27 March 2011

what lent is teaching me about distraction

For once, there was no music or radio going in my car. And in that silence, I heard a noise. A whir? A ping? {Is ping a word used to describe car noises?} Perhaps it's a scraping, metal-on-metal sort of noise?

After listening for awhile, I've decided it's really more of a creaking noise coming from the back of my car.

Is that a normal noise? Does my car always do that?

And here's where the panic/self-reassurance cycle sets in.

Panic: My tire is going to fall off, omg.

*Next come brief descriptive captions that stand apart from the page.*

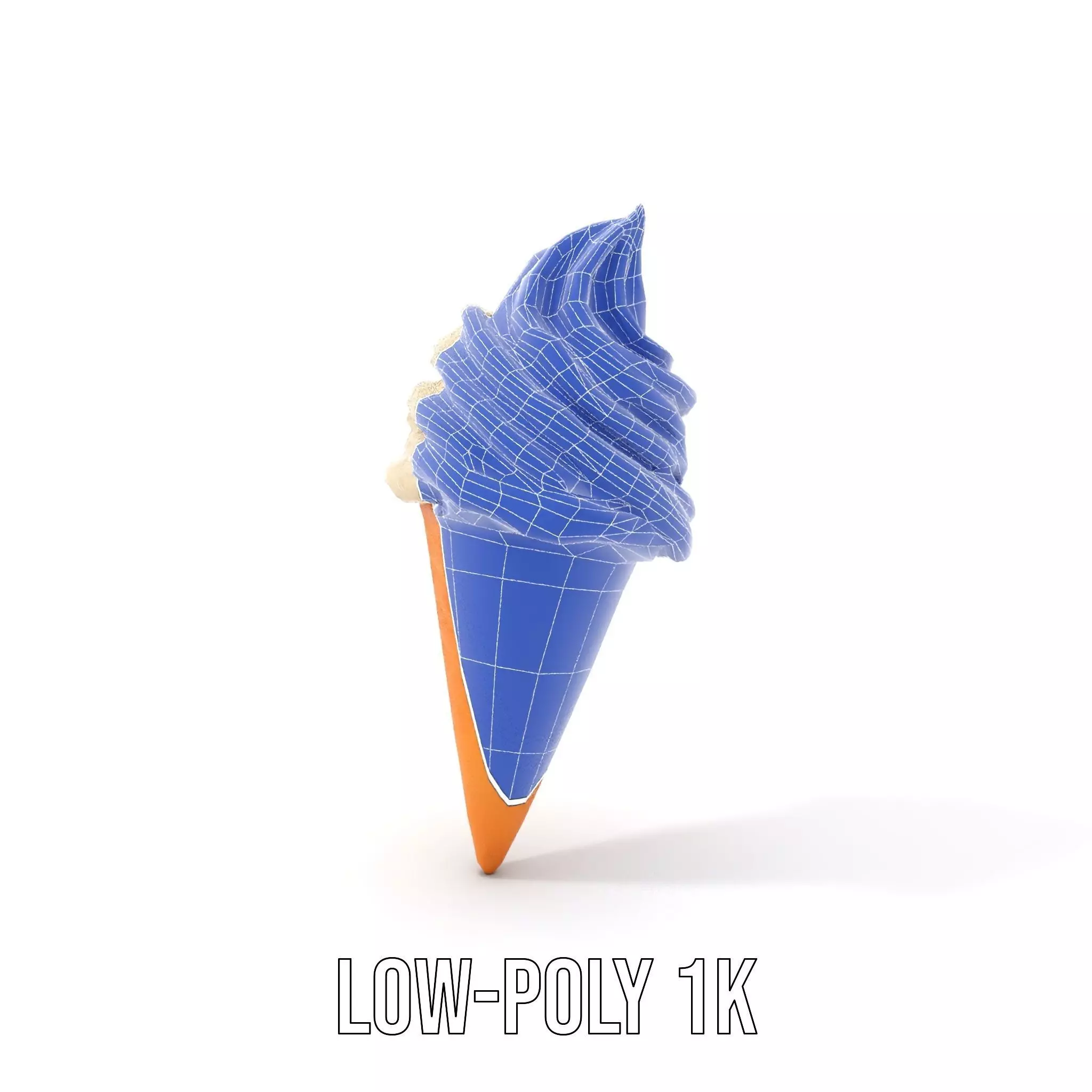Vanilla Ice Cream Cone model pack Low-poly 3D model_15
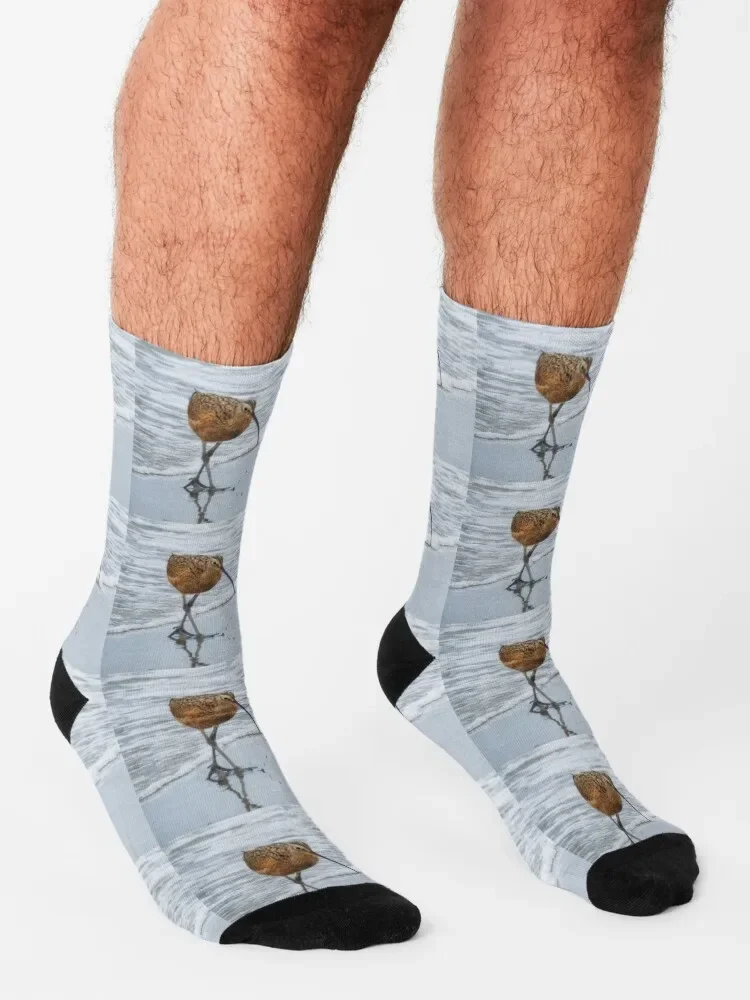 Calcetines largos de rizos para hombre y mujer, medias térmicas sueltas de diseñador, Invierno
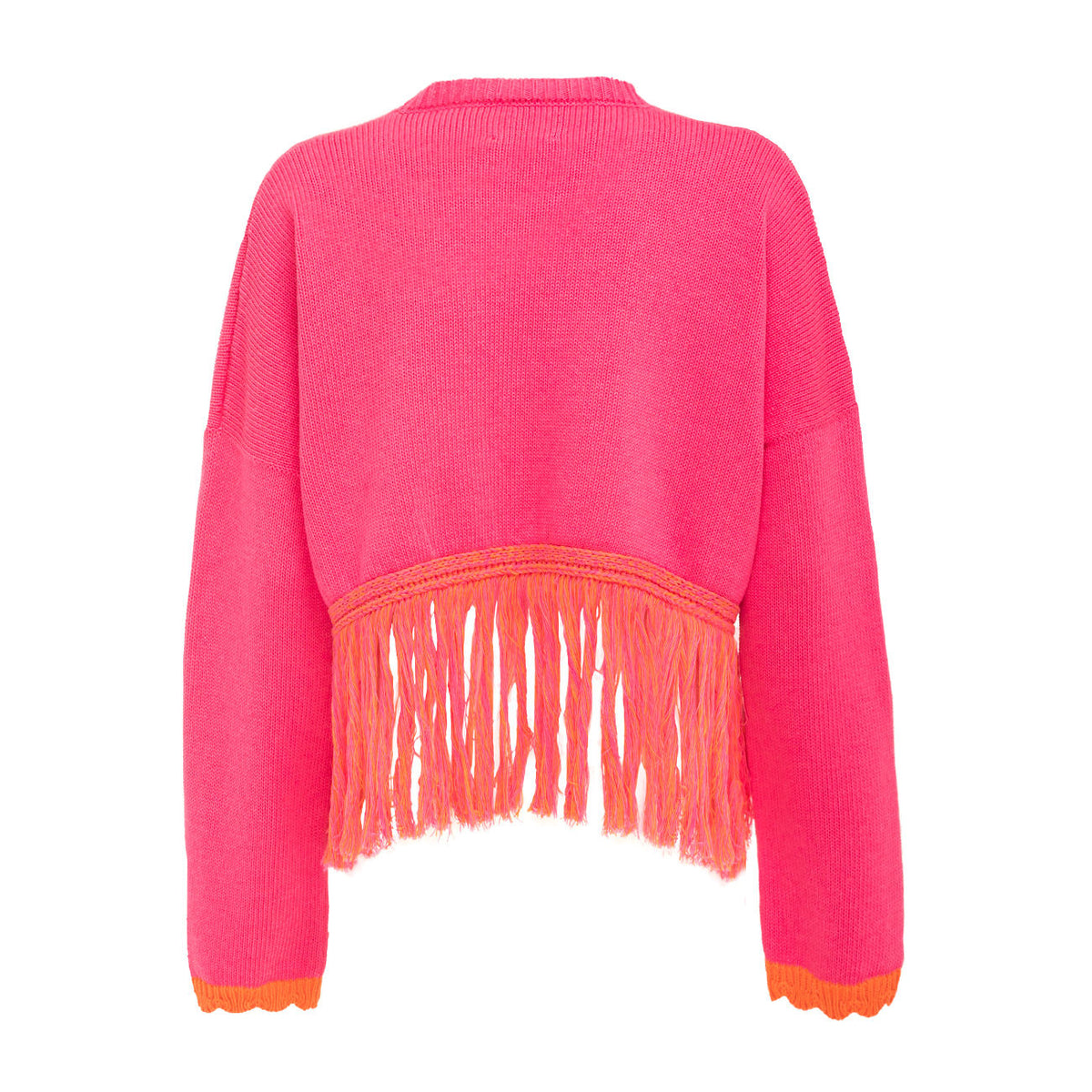 GIADA BENINCASA Pull Cropped Con Frange Donna Ibisco GIADA/AP513107 11816IBISCO 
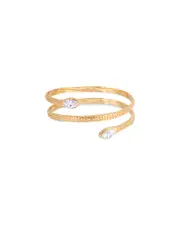 Ettika Marquise Coiled Bangle Bracelet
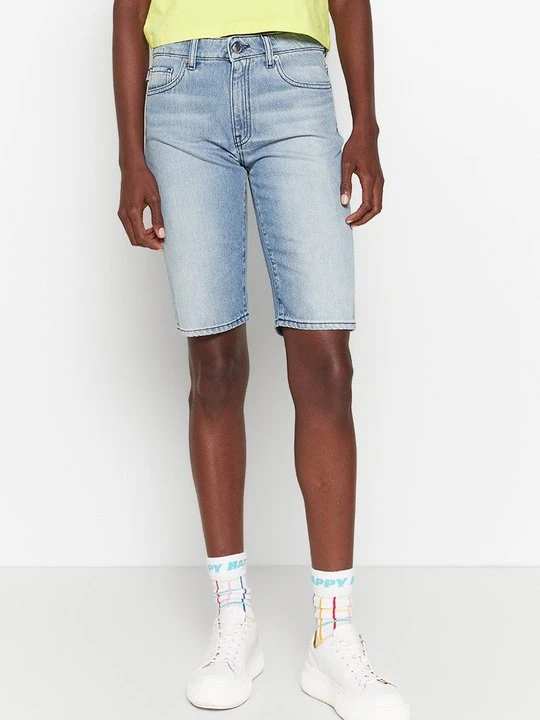 Zdjęcie produktu Szorty jeansowe LOVE MOSCHINO jasnoniebieski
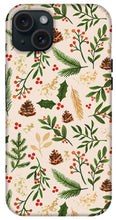 Load image into Gallery viewer, Christmas Watercolor Pattern - Phone Case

Self-reassurance: I'm sure that's a normal noise, and you've just never heard it because you always have some other noise distracting you.

Maybe it's Robert Segal on NPR explaining why the economy is recovering even though jobless claims are up for the millionth month in a row.

Or maybe you're distracted by singing along with Carol Burnett in Once Upon a Mattress. "Though a lady may be dripping with glamour / As often as not, she will stumble and stammer / When suddenly confronted with romance..." Don't you kind of want to sing with me now and forget your panic?

Panic: Remember that one time you went to the mechanic, and he said, "Now, I don't want to alarm you, but your hose {internal side note from the past: what hose? How many hoses are in my car?} could be corroding right now. And you'd never know it until something bad happens"? Remember that time? Your hose, one of them, all of them, could be about to explode. Or something.

Self-reassurance: But remember, too, how you figured out that that mechanic was just trying to take advantage of you? You with your 'girl alone in a new town and unsure of what hose he's talking about' look on your face? If there was something wrong with your car, your new mechanic would've told you when you got your car checked recently. You are all right; the car is all right.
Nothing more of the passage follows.